START Material provided

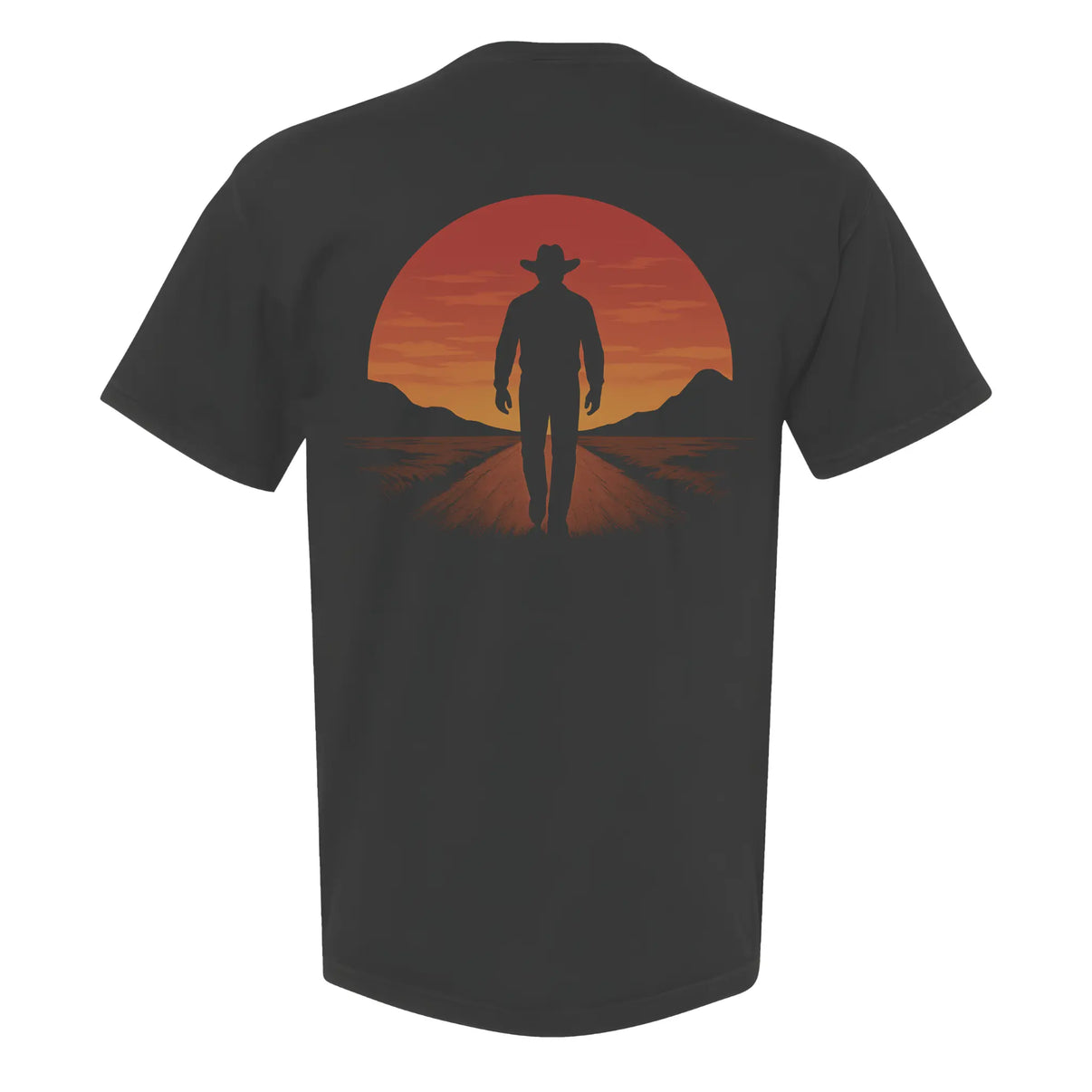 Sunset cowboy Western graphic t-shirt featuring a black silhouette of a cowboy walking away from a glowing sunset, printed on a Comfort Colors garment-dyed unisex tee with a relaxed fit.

END Material provided
START Material provided

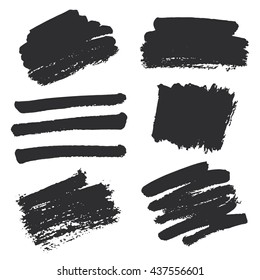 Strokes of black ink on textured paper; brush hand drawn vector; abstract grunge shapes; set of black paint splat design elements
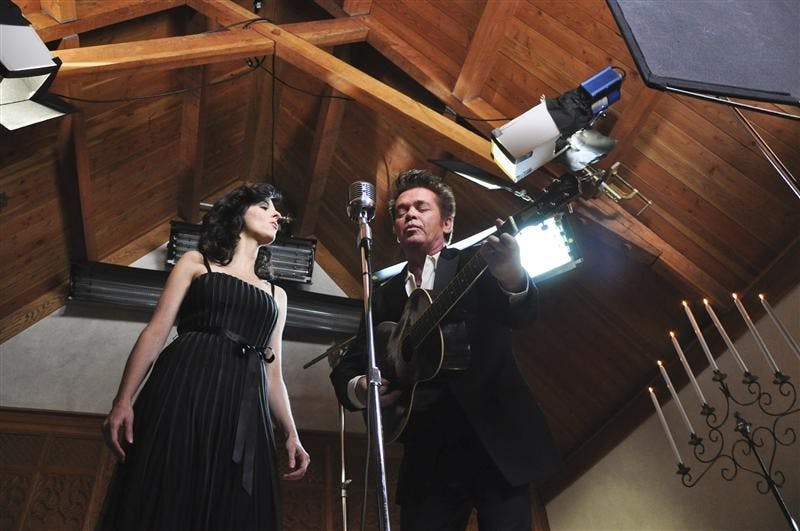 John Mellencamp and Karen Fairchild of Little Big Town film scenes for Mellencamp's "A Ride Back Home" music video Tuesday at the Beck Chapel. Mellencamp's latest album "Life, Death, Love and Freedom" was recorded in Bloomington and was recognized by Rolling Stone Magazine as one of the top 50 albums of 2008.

END Material provided

* What to do: Range to copy from the records above: the line containing "Strokes of black" to the line containing "John Mellencamp and", both included. Output those lines exactly and only those, skipping pictures.

* Response to this task:
 Strokes of black ink on textured paper; brush hand drawn vector; abstract grunge shapes; set of black paint splat design elements
 John Mellencamp and Karen Fairchild of Little Big Town film scenes for Mellencamp's "A Ride Back Home" music video Tuesday at the Beck Chapel. Mellencamp's latest album "Life, Death, Love and Freedom" was recorded in Bloomington and was recognized by Rolling Stone Magazine as one of the top 50 albums of 2008.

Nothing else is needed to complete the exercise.